In international relations, a frozen conflict is a situation in which active armed conflict has been brought to an end, but no peace treaty or other political framework resolves the conflict to the satisfaction of the combatants. Therefore, legally the conflict can start again at any moment, creating an environment of insecurity and instability.

The term has been commonly used for post-Soviet conflicts, but it has also often been applied to other extended and unresolved territorial disputes. The de facto situation that emerges may or may not match the official position asserted by either party to the conflict. For example, in the division of Korea both South Korea and North Korea officially assert claims to the entire peninsula; however, there exists a well-defined border between the two countries' areas of control.

Frozen conflicts sometimes result in partially recognized states. For example, the Republic of South Ossetia, a product of the frozen Georgian–Ossetian conflict, is recognized by eight other states, including five UN members; the other three of these entities are partially recognized states themselves.

Examples

In post-Soviet territories

Following the dissolution of the Soviet Union in 1991, a number of conflicts arose in areas of some of the post-Soviet states, usually where the new international borders did not match the ethnic affiliations of local populations. These conflicts have largely remained "frozen", with disputed areas under the de facto control of entities other than the countries to which they are internationally recognized as belonging, and which still consider those areas to be part of their territory. Most of the separatist states in the region are Russian state-backed. These interventions have been interpreted as a Kremlin strategy to destabilize other post-Soviet states and extend Russia's sphere of influence.

Transnistria

Since the ceasefire which ended the Transnistria War (1990–1992), the Russian-influenced breakaway republic of Transnistria has controlled the easternmost strip of the territory of Moldova. The republic is internationally unrecognized, and Moldova continues to claim the territory.

Nagorno-Karabakh

Nagorno-Karabakh is internationally recognized as part of Azerbaijan, but most of the region is governed by a de facto independent state with an Armenian ethnic majority established on the basis of the Nagorno-Karabakh Autonomous Oblast of the Azerbaijan Soviet Socialist Republic. Since 1988, the Karabakh movement strove for the transfer of the region to Armenia. In 1991 Nagorno-Karabakh declared its independence from Azerbaijan. During the subsequent First Nagorno-Karabakh War until 1994, Nagorno-Karabakh Republic could not only defend its existence, but also significantly enlarge its territory, and crucially establish a land border with Armenia, by annexing adjacent Azeri territories. After 1994, the conflict remained practically frozen in this situation; in 2017 Nagorno-Karabakh Republic was renamed as Republic of Artsakh. In 2020, the conflict escalated again, and following the signing of a ceasefire, it was agreed that Azerbaijan would regain the territories surrounding the borders of the original Nagorno-Karabakh Autonomous Oblast, as well as any parts of Nagorno-Karabakh it had advanced into as a result of its military actions.

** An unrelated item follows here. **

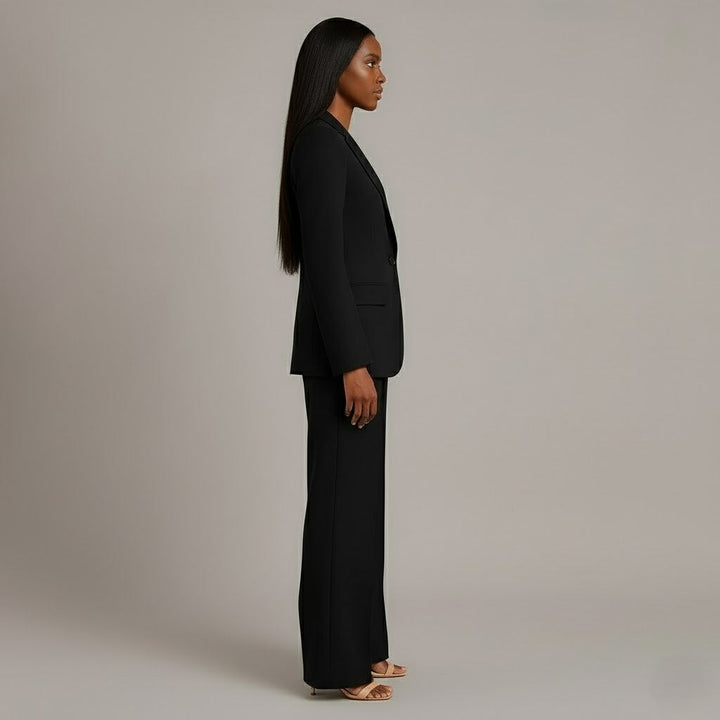 Close-up of the premium fabric on a women's tailored formal suit, highlighting quality and texture.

South Ossetia and Abkhazia

The Abkhaz–Georgian conflict and Georgian–Ossetian conflict have led to the creation of two largely unrecognized states within the internationally recognized territory of Georgia. The 1991–92 South Ossetia War and the 1992–93 War in Abkhazia, followed by the Russo-Georgian War of August 2008, have left the Russian-backed republics of South Ossetia and Abkhazia in de facto control of the South Ossetia and Abkhazia regions in north and northwest Georgia.

In Asia

Kashmir

India and Pakistan have fought at least three wars over the disputed region of Kashmir, in 1947, 1965, and 1999. India claims the entire area of the former princely state of Jammu & Kashmir on the basis of its ruler formally acceding to India amidst a Pakistani invasion after partition, and administers approximately 43% of it. Pakistan has also claimed it since the partition—based on its majority Muslim population, and controls approximately 37% of the region while encouraging proxy-war tactics in Kashmir. The remaining territory is controlled by the People's Republic of China; some of it was occupied during the Sino-Indian War, and some was conferred on the PRC by Pakistan.

Mainland China and Taiwan

The conflict between mainland China and Taiwan has been frozen since 1949. No armistice or peace treaty has ever been signed and debate continues as to whether the civil war has legally ended. Officially, both the People's Republic of China (PRC) based in Beijing and the Republic of China (ROC) based in Taipei consider themselves to be the sole legitimate government of the entirety of China. While the latter especially is not recognized by a majority of countries and states internationally, it remains a de facto independent administration in Taiwan and several other islands, and the PRC's de facto administration is in Mainland China, Hong Kong and Macau.

Korea

The Korean conflict was frozen from 1953, when a ceasefire ended the Korean War. Both North Korea and South Korea governments claim the entire Korean peninsula, while de facto control is divided along the military demarcation line in the Korean Demilitarized Zone. Both North and South Korea are recognized by the vast majority of other nations, although they do not recognize each other.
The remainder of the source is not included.